Una giusta lettura del film "Cous Cous" non può dunque prescindere da una interpretazione storico-sociologica di questo genere: nei sobborghi popolari della città costiera di Sète, in uno squallido quartierone prefabbricato, si svolge la vita di una famiglia di poveri immigrati, mantenuti con dura fatica del capofamiglia che, lavorando da 40 anni in un cantiere marino, cerca di traghettare verso un maggiore benessere la nuova generazione. Ma lo fa in tempi difficili come quelli attuali, in cui lo spettro del precariato, della disoccupazione e del licenziamento è continuamente in agguato; da cui il dramma del povero protagonista che, lasciato a casa dall'azienda perché vecchio, morirà rincorrendo affannosamente la teppaglia del quartiere per recuperare il motorino rubato. Anche l'idea estrosa di "inventarsi" un ristorante di cous cous a bordo di una vecchia bagnarola ancorata nel porto, va valutata nell'ottica molto attuale della cosiddetta "nuova imprenditoria", sovente inutile, pretestuosa e poco redditizia; sufficiente solamente a "truccare le carte" delle indagini statistiche di regime sull'occupazione. Storia sociale, dunque, ma non solo.

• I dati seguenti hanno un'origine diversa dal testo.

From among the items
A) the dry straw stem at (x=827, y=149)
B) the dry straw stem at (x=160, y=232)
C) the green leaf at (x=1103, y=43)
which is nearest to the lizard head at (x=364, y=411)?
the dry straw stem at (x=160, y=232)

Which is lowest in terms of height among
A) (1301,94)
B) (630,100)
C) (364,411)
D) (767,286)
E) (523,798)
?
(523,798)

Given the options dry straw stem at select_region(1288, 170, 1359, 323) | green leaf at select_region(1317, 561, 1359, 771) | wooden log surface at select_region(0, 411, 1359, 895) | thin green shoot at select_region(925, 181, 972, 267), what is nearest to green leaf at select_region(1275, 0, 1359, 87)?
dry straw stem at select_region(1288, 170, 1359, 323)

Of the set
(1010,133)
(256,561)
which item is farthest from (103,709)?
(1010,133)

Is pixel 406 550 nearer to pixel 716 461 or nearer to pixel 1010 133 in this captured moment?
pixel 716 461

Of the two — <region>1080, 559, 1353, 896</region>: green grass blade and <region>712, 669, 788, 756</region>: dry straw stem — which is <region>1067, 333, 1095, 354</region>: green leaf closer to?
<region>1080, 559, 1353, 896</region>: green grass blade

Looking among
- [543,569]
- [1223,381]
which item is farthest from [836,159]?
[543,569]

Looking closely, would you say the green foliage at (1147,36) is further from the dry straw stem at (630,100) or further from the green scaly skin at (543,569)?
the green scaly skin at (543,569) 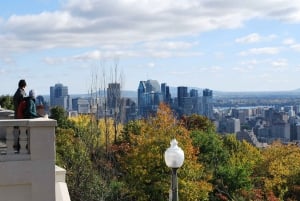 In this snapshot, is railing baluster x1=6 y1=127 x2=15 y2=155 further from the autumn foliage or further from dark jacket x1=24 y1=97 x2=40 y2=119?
the autumn foliage

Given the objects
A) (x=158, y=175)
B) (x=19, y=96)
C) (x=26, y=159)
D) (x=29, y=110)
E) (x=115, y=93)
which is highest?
(x=115, y=93)

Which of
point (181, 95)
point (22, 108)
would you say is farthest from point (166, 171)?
point (181, 95)

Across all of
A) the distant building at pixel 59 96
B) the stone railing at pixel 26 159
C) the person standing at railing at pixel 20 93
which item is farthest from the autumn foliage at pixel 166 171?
the distant building at pixel 59 96

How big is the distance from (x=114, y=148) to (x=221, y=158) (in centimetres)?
780

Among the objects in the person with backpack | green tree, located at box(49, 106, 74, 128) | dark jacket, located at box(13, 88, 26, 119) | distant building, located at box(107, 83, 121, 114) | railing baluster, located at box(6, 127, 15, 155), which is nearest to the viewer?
railing baluster, located at box(6, 127, 15, 155)

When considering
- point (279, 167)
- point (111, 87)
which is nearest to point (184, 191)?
point (279, 167)

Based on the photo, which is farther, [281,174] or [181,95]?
[181,95]

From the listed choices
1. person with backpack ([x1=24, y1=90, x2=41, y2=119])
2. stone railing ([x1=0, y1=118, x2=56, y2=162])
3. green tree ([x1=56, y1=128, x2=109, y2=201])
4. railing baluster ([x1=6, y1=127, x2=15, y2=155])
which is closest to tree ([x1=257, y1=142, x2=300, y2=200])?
green tree ([x1=56, y1=128, x2=109, y2=201])

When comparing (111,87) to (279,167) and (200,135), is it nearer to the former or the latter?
(200,135)

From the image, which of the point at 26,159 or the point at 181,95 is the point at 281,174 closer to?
the point at 26,159

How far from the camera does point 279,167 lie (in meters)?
34.2

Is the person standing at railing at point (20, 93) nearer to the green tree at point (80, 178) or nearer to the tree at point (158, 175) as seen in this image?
the tree at point (158, 175)

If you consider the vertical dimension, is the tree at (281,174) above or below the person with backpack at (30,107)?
below

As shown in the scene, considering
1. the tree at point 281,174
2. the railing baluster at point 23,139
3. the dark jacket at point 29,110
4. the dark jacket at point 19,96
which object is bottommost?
the tree at point 281,174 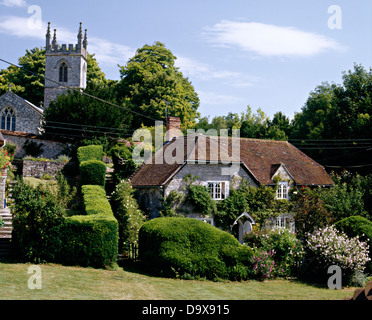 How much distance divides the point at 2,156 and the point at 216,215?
46.1 feet

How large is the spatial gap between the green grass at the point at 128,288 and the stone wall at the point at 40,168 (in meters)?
21.7

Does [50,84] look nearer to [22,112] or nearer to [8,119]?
[22,112]

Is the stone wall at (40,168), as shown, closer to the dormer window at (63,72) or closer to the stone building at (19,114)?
the stone building at (19,114)

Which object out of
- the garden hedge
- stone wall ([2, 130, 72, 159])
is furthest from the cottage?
stone wall ([2, 130, 72, 159])

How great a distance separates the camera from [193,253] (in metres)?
20.7

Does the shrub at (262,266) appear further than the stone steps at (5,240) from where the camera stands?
Yes

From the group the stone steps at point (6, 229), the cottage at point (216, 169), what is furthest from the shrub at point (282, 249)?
the stone steps at point (6, 229)

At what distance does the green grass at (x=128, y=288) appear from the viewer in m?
14.3

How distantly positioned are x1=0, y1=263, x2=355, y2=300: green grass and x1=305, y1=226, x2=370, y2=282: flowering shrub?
1321 mm

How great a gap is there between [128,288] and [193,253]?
5.06 meters

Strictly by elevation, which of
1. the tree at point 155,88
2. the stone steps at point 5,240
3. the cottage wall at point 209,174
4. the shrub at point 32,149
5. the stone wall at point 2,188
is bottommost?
the stone steps at point 5,240

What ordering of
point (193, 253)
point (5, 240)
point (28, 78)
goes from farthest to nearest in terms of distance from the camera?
point (28, 78), point (5, 240), point (193, 253)

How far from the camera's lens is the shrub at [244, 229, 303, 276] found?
22830 mm

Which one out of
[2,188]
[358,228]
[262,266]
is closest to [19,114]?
[2,188] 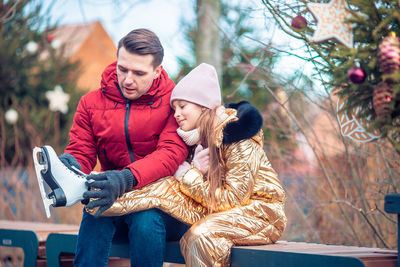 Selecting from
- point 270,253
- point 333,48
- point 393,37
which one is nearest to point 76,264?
point 270,253

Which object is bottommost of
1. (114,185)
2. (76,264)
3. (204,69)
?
(76,264)

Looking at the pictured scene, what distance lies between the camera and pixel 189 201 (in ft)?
7.86

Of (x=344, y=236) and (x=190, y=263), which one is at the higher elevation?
(x=190, y=263)

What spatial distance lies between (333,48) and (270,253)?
2.77 ft

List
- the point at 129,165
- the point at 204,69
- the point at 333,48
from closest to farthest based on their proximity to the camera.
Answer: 1. the point at 333,48
2. the point at 129,165
3. the point at 204,69

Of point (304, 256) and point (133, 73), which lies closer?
point (304, 256)

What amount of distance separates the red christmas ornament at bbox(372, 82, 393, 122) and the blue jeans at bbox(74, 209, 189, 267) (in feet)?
3.70

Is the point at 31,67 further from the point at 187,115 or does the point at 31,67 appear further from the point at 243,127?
the point at 243,127

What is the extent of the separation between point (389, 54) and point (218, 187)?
1033mm

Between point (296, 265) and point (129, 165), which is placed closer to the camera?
point (296, 265)

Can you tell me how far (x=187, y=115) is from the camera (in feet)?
8.08

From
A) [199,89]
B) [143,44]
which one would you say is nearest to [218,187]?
[199,89]

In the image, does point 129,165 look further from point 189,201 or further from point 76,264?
point 76,264

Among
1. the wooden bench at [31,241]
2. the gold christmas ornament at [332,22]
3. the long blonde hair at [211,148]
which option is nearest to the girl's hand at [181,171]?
the long blonde hair at [211,148] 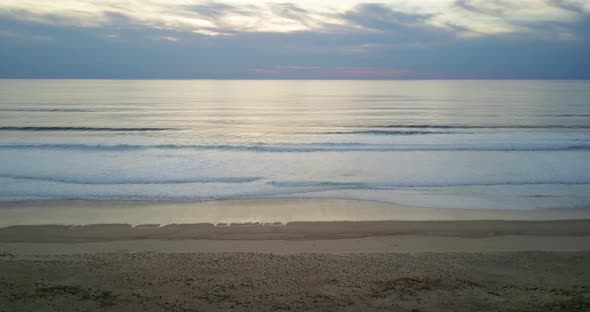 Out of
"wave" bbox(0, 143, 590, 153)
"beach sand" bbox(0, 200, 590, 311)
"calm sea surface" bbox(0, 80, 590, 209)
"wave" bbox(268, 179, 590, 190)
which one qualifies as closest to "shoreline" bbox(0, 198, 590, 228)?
"beach sand" bbox(0, 200, 590, 311)

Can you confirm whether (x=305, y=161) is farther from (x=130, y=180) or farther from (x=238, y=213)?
(x=238, y=213)

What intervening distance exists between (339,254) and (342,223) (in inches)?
A: 82.0

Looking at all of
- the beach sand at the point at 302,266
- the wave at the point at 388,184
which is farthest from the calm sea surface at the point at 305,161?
the beach sand at the point at 302,266

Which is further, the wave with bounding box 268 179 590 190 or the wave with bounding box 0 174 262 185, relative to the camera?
the wave with bounding box 0 174 262 185

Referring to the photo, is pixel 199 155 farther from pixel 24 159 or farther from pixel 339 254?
pixel 339 254

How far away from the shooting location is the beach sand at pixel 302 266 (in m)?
5.68

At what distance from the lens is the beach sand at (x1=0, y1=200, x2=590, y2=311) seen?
568 cm

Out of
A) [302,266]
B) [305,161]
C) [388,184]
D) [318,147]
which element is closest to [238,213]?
[302,266]

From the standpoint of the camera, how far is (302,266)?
268 inches

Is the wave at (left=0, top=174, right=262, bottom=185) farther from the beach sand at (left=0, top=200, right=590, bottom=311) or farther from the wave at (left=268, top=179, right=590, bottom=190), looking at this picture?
the beach sand at (left=0, top=200, right=590, bottom=311)

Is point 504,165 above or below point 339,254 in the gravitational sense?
above

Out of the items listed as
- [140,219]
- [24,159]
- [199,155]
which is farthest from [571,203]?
[24,159]

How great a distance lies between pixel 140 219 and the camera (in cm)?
979

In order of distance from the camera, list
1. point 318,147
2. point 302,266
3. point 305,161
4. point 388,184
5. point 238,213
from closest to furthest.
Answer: point 302,266
point 238,213
point 388,184
point 305,161
point 318,147
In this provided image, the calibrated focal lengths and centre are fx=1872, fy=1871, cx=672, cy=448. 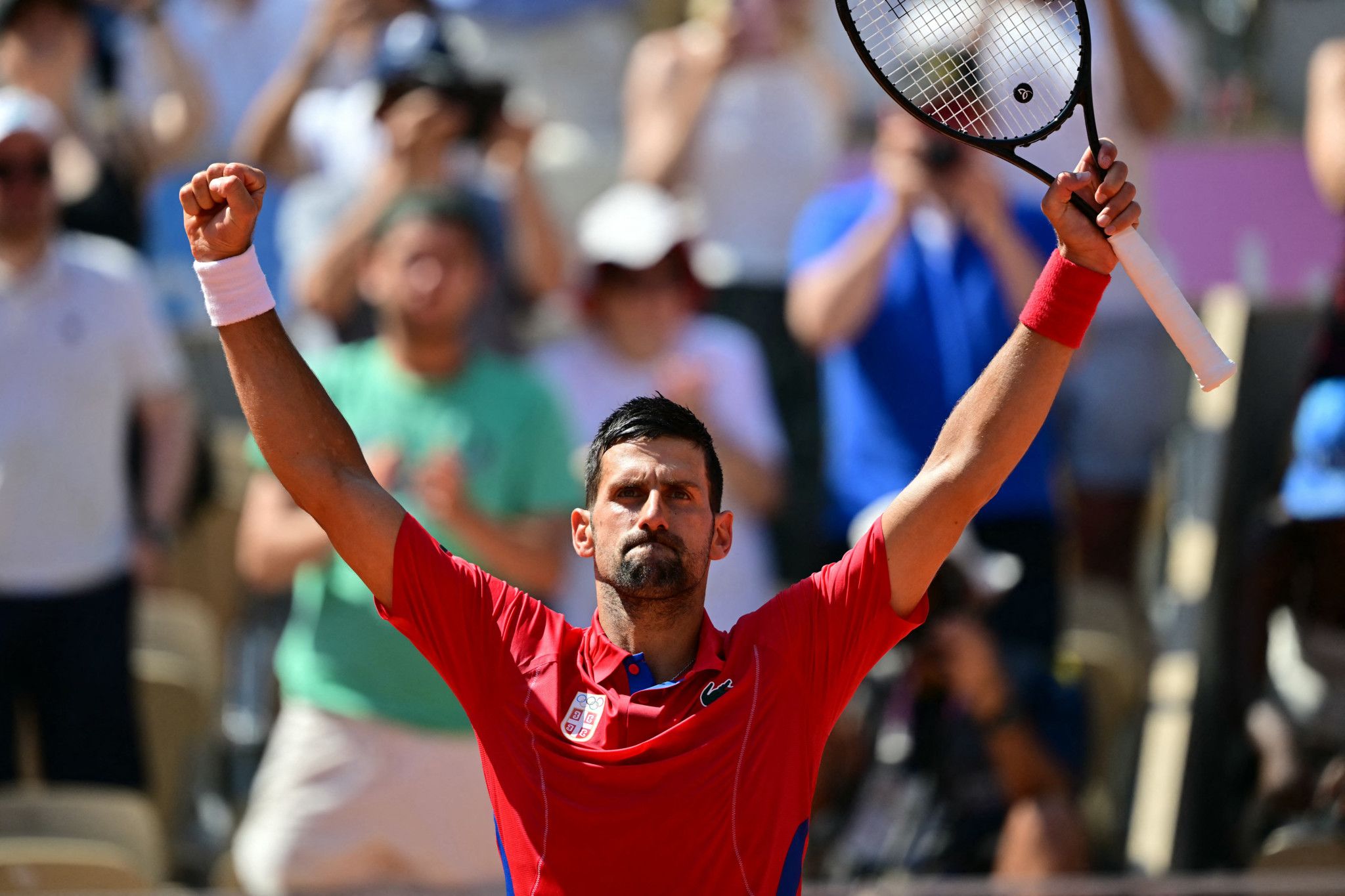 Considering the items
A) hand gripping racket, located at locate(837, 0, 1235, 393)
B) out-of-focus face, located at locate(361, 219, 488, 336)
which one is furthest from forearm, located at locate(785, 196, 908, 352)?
hand gripping racket, located at locate(837, 0, 1235, 393)

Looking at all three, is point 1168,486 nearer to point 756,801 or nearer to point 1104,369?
point 1104,369

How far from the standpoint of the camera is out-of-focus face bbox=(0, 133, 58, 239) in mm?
5539

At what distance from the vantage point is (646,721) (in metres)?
2.75

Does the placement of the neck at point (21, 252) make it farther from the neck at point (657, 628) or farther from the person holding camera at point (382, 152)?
the neck at point (657, 628)

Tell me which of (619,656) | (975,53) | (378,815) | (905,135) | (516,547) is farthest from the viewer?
(905,135)

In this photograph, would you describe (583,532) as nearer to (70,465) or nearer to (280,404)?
(280,404)

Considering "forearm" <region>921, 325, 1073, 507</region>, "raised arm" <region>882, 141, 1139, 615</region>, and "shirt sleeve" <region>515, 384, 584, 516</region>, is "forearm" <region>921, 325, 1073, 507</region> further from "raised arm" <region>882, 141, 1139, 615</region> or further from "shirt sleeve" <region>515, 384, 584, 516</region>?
"shirt sleeve" <region>515, 384, 584, 516</region>

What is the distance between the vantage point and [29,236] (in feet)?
18.6

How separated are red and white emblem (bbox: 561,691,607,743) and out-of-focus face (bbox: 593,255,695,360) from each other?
2949mm

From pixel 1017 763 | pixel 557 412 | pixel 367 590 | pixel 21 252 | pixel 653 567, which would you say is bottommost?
pixel 1017 763

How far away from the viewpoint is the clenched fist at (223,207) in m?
2.79

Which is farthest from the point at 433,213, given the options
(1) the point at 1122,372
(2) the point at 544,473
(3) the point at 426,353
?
(1) the point at 1122,372

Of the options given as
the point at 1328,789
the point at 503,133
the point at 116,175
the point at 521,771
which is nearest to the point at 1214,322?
the point at 1328,789

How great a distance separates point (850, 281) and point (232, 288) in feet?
9.95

Il film del bravissimo franco-tunisino Kechiche si presta altrettanto bene ad una seconda chiave di lettura molto più ampia, come metafora globale dell'esistenza, in cui il capo famiglia passa la vita a produrre risorse per tutti e poi, fatalmente, conclude il suo ciclo biologico, lasciando il testimone ai suoi figli. Mentre, per contrapposto, la femmina più giovane del gruppo scopre istintivamente il potere della propria seduttività, che la renderà madre e nutrice, riproducendo la vita.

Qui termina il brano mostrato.